SOURCE DATA section start
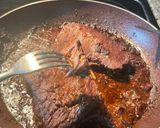 Foto del paso 5 de la receta: Carne de Res Braseada! Almuerzo Dominguero 🥳🤤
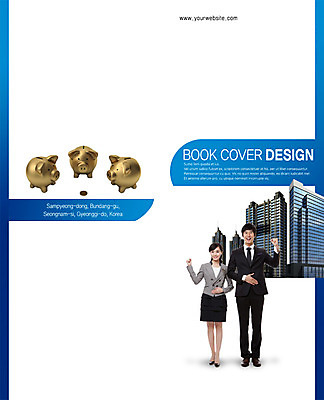 전신 PSD 템플릿 편집 표지디자인 북디자인 출판디자인 여자 표지 남자 리플렛 백그라운드 돈 2단접지 북커버 비즈니스 서기 웃음 사람 동양인 정장 손짓 빌딩 팜플렛 성인 두명 건물 30대 금융 경제 동전 파이팅 주먹 저축 한국인 돼지저금통 저금통 비즈니스맨 비즈니스우먼 장년만 성인만 이미지템플릿 건축물 옷 모션 표정 인종 장년 직장인 재산 파일형식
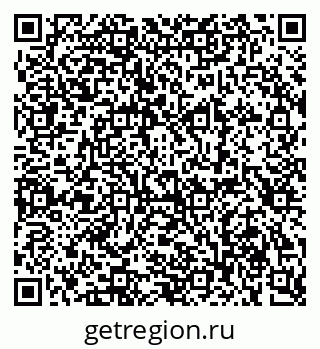 79280620274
SOURCE DATA section end
WORK INSTRUCTION: The expected output is the complete listing, word for word, without any picture.

EXERCISE OUTPUT:
 Foto del paso 5 de la receta: Carne de Res Braseada! Almuerzo Dominguero 🥳🤤
 전신 PSD 템플릿 편집 표지디자인 북디자인 출판디자인 여자 표지 남자 리플렛 백그라운드 돈 2단접지 북커버 비즈니스 서기 웃음 사람 동양인 정장 손짓 빌딩 팜플렛 성인 두명 건물 30대 금융 경제 동전 파이팅 주먹 저축 한국인 돼지저금통 저금통 비즈니스맨 비즈니스우먼 장년만 성인만 이미지템플릿 건축물 옷 모션 표정 인종 장년 직장인 재산 파일형식
 79280620274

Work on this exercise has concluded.